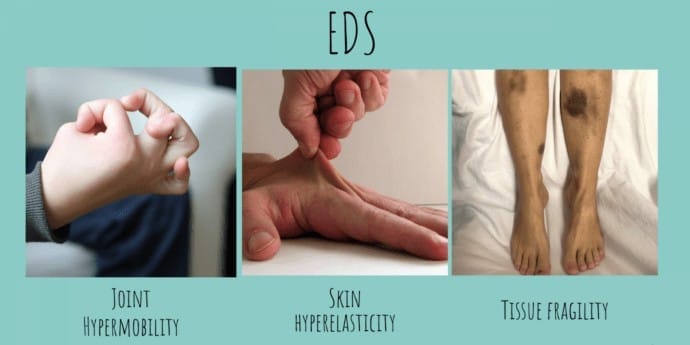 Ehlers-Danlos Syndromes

▬▬▬

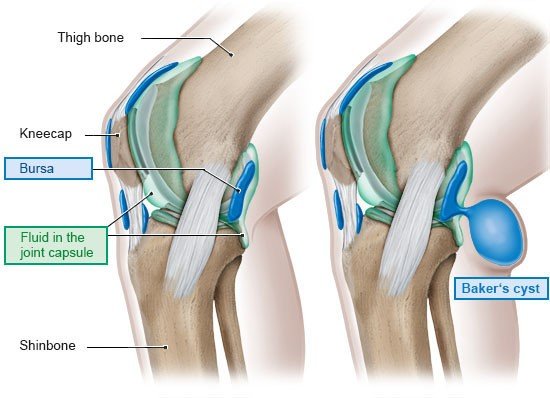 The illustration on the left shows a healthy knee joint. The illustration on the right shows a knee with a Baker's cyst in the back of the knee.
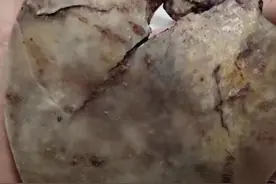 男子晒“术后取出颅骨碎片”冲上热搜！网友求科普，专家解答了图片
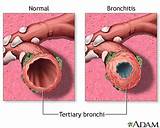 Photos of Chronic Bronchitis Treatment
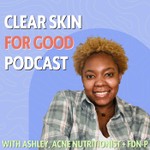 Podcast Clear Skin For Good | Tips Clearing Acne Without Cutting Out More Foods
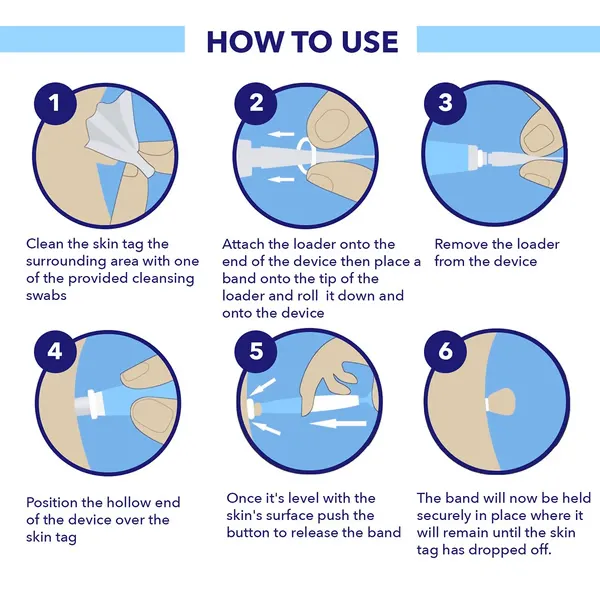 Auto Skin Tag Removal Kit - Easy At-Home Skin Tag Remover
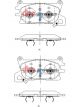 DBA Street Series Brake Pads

▬▬▬

_WORK REQUIRED_
Reproduce the data above exactly, but only the lines from the one showing "Podcast Clear Skin" through the one showing "DBA Street Series Brake Pads", with both ends kept and the pictures left out.

_SOLUTION_
 Podcast Clear Skin For Good | Tips Clearing Acne Without Cutting Out More Foods
 Auto Skin Tag Removal Kit - Easy At-Home Skin Tag Remover
 DBA Street Series Brake Pads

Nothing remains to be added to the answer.